**PROBLEM:**
Please restate word for word all lines from the one containing "Cell Morphology And" to the final line of the entries, and include no pictures.

**SUPPLIED RECORDS:**

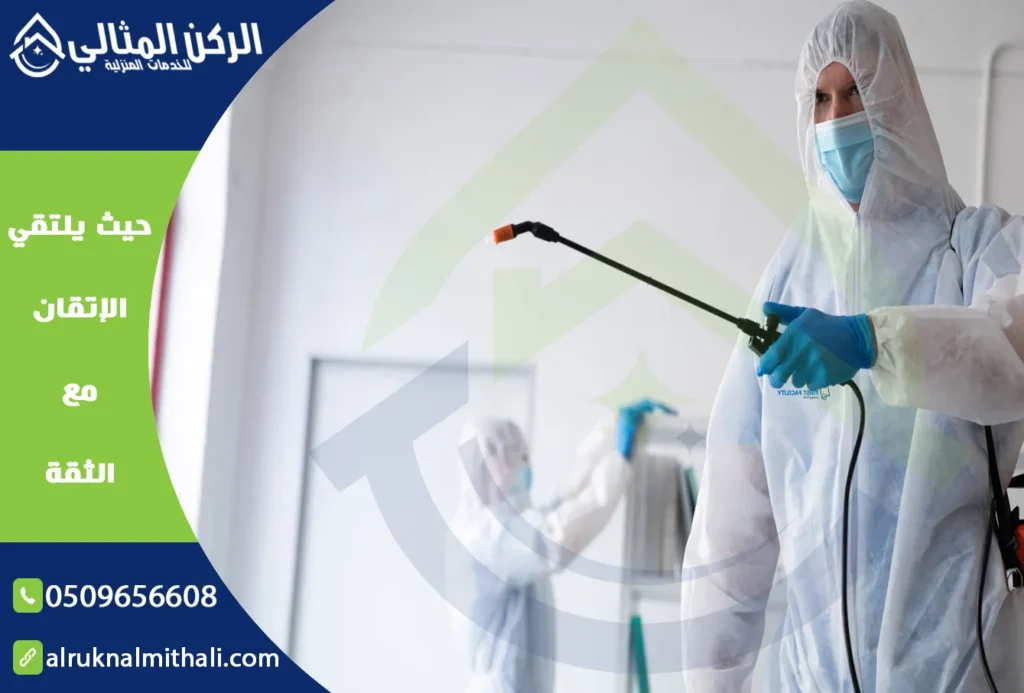 شركة مكافحة حشرات بخميس مشيط | 0509656608 | إبادة تامة بالضمان الفعلي | شركة الركن المثالي للخدمات المنزلية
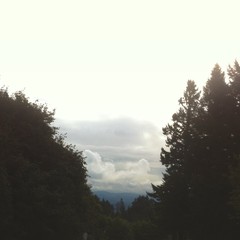 View from Council Crest toward Mt. Hood, which is NOT visible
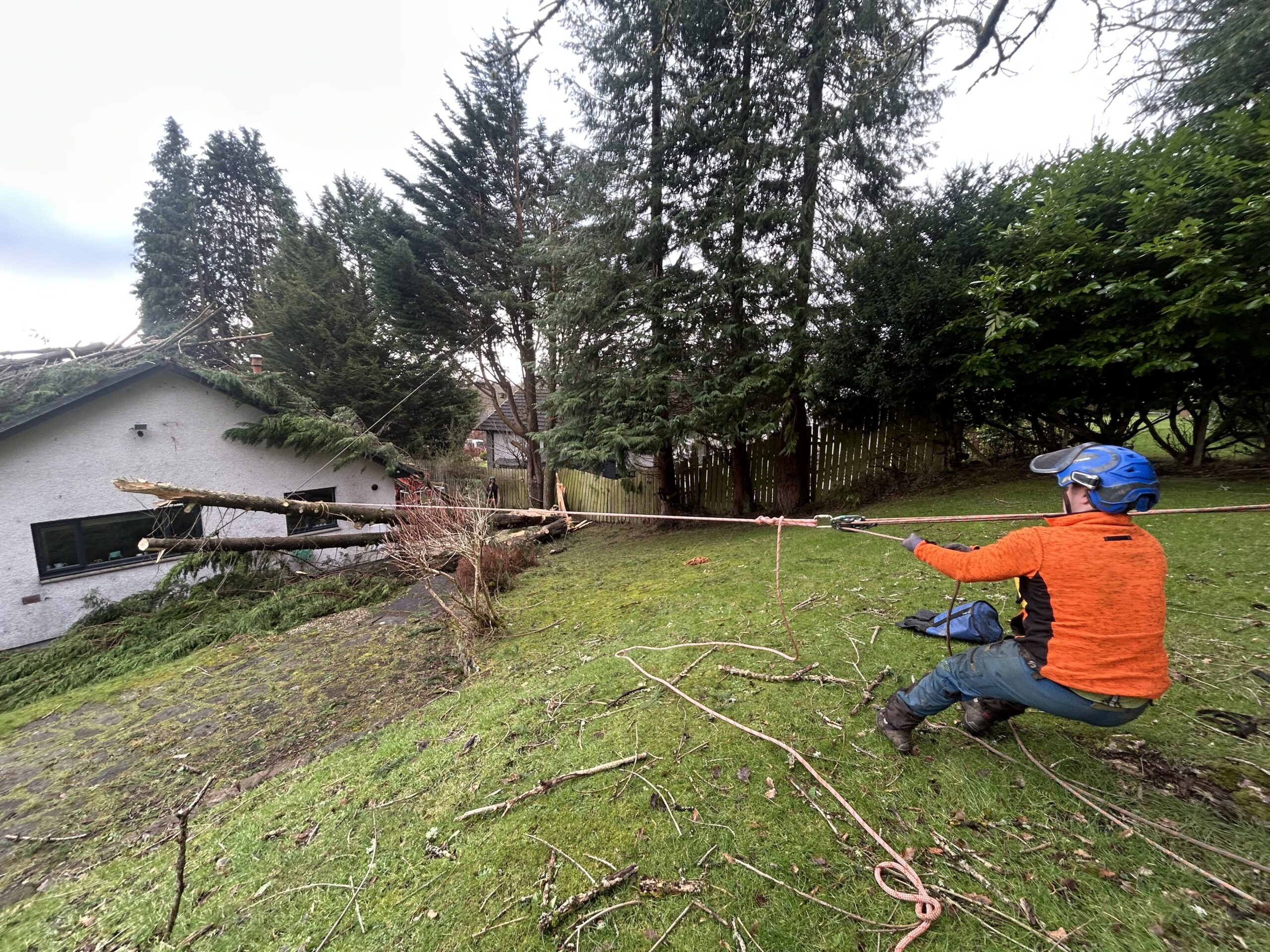 rope rigging pulling storm fallen tree off bungalow roof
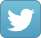 twitter logo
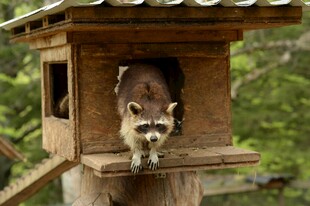 浣熊探身于木制鸟舍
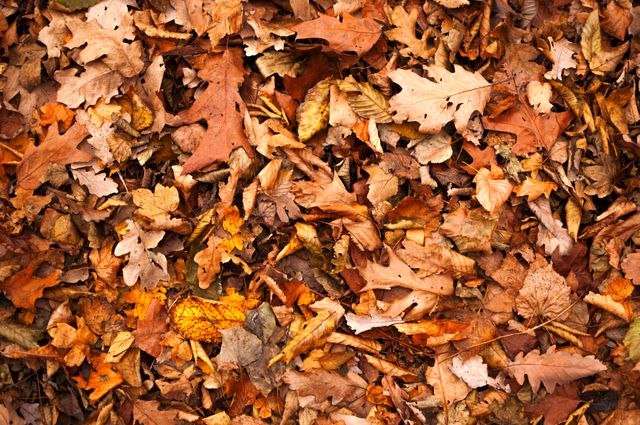 Colorful Autumn Leaves Background in Fallen Foliage - Download Free Stock Photos Pikwizard.com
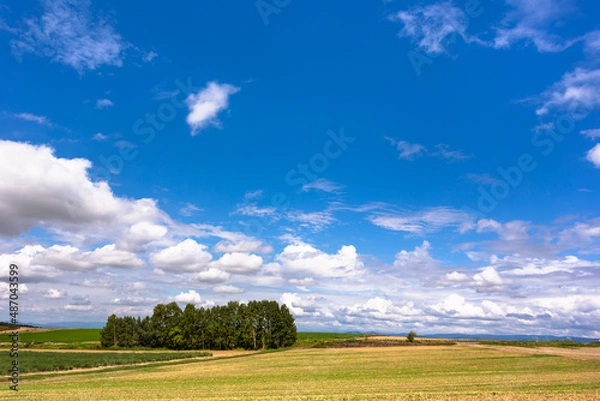 Obraz 北海道美瑛、8月の風景・日本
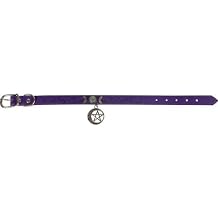 Vegan Leather Cat and Dog Collar Crescent Moon with Pentacle, Medium, Gifts, Pet Accessories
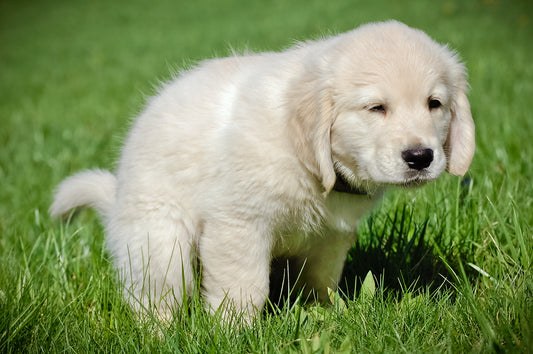 A small white puppy stands in the grass, representing the joy and challenges of housebreaking and training your new pet. Toilet Training for your dog or Puppyby Venttura Bioceuticals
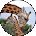 Nicole Mulvihill Avatar
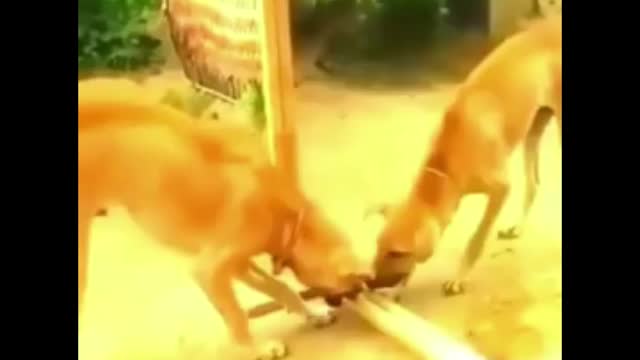 Cat and dog video,injoy at, funny cat 😺 funny dog 🐕 video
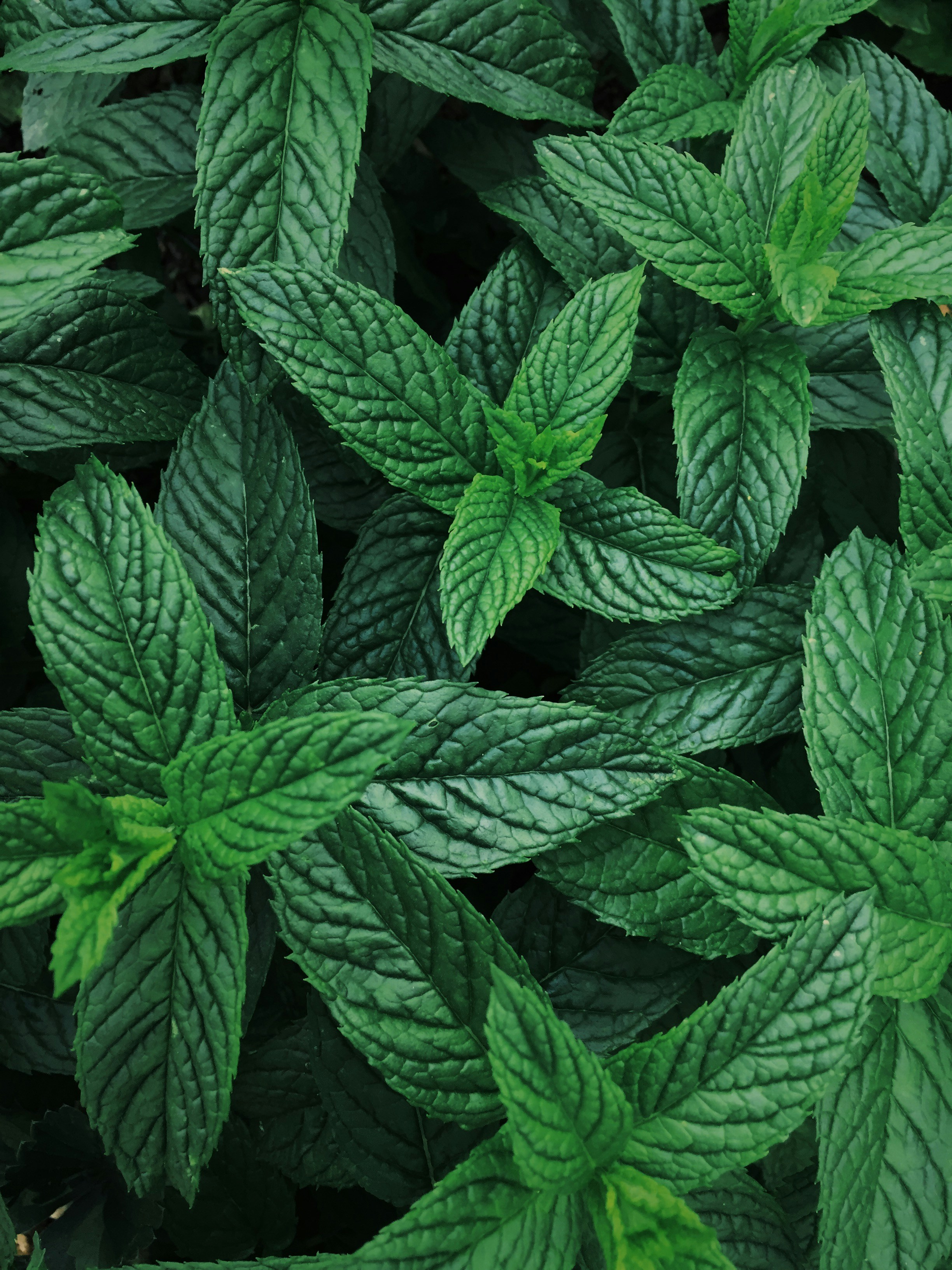 Peppermint Essential Oil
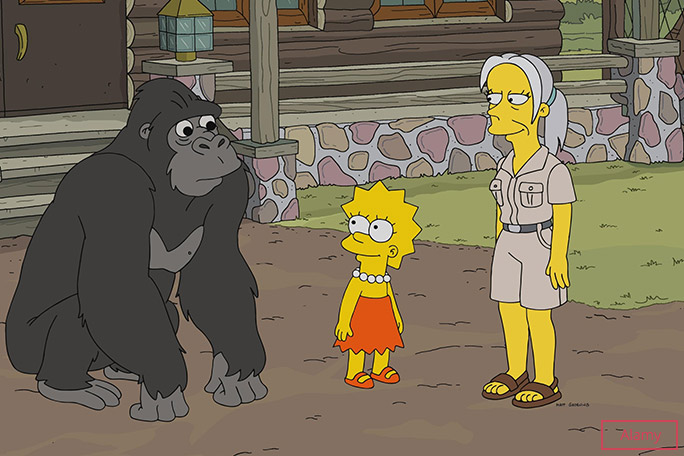 jane goodall in the simpsons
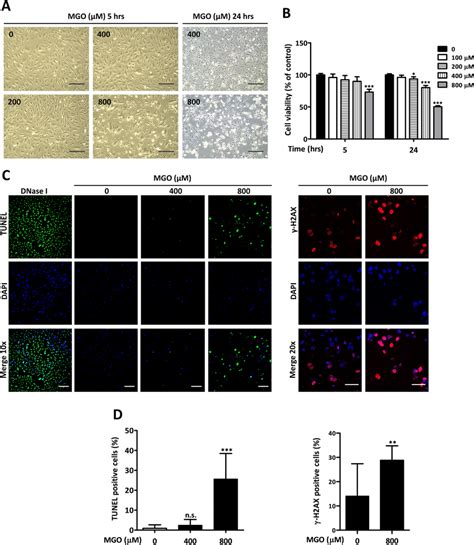 Cell Morphology And Viability Are Affected By MGO A HUVECs Were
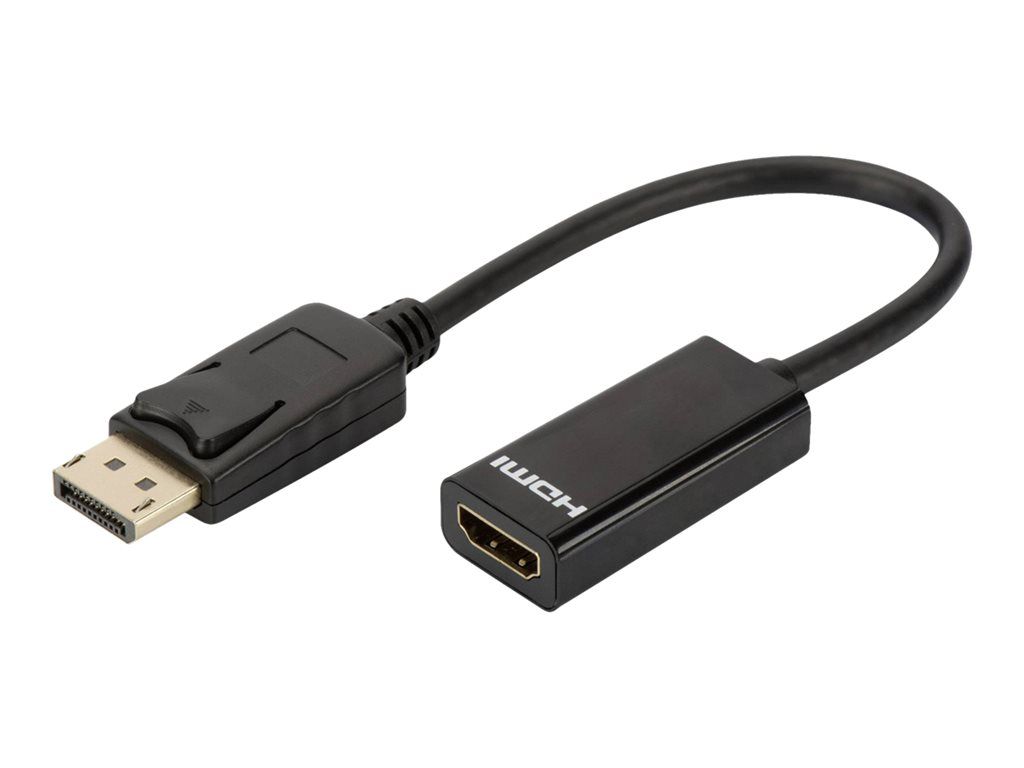 Adaptateur DLH DisplayPort vers HDMI - 23 cm - Noir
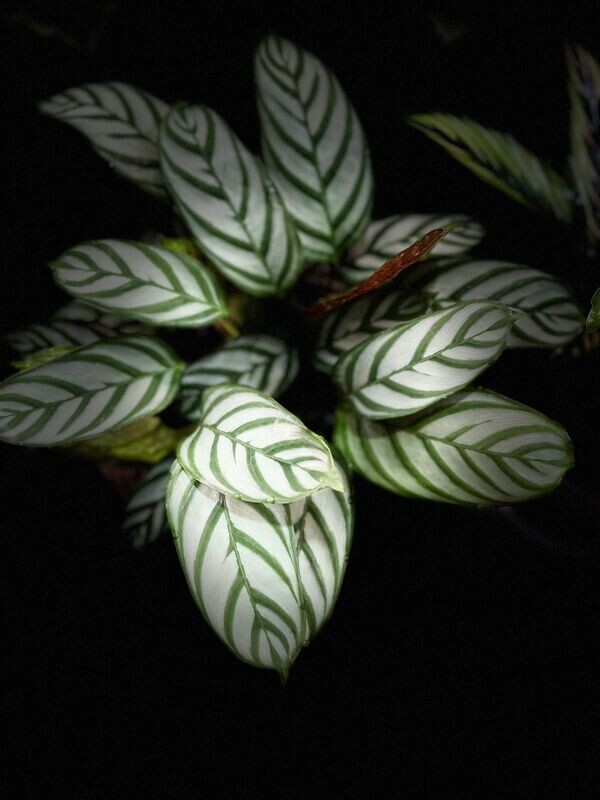 Calathea Setosa Calathea Setosa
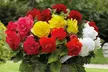 10, 20, or 40 Begonia Double Flowered Mixed Plants - Image 2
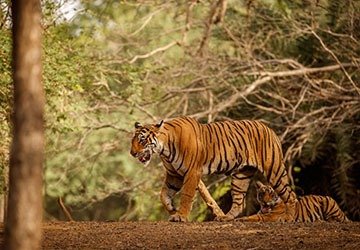 Golden Triangle Tour With Ranthambore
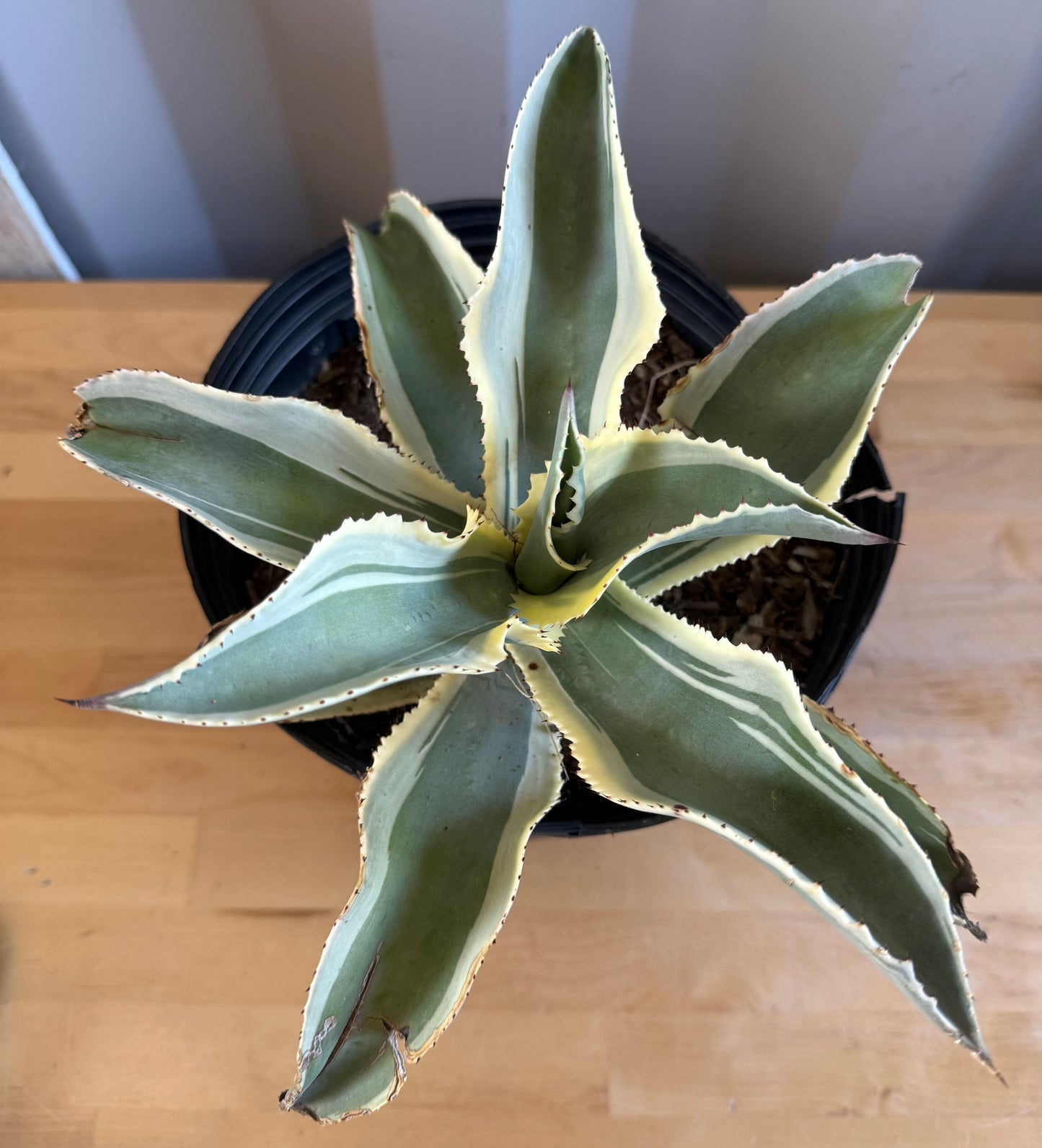 Agave gypsophila 'Ivory Curls' SH28 | Variegated Century Agave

**FINISHED TASK:**
 Cell Morphology And Viability Are Affected By MGO A HUVECs Were
 Adaptateur DLH DisplayPort vers HDMI - 23 cm - Noir
 Calathea Setosa Calathea Setosa
 10, 20, or 40 Begonia Double Flowered Mixed Plants - Image 2
 Golden Triangle Tour With Ranthambore
 Agave gypsophila 'Ivory Curls' SH28 | Variegated Century Agave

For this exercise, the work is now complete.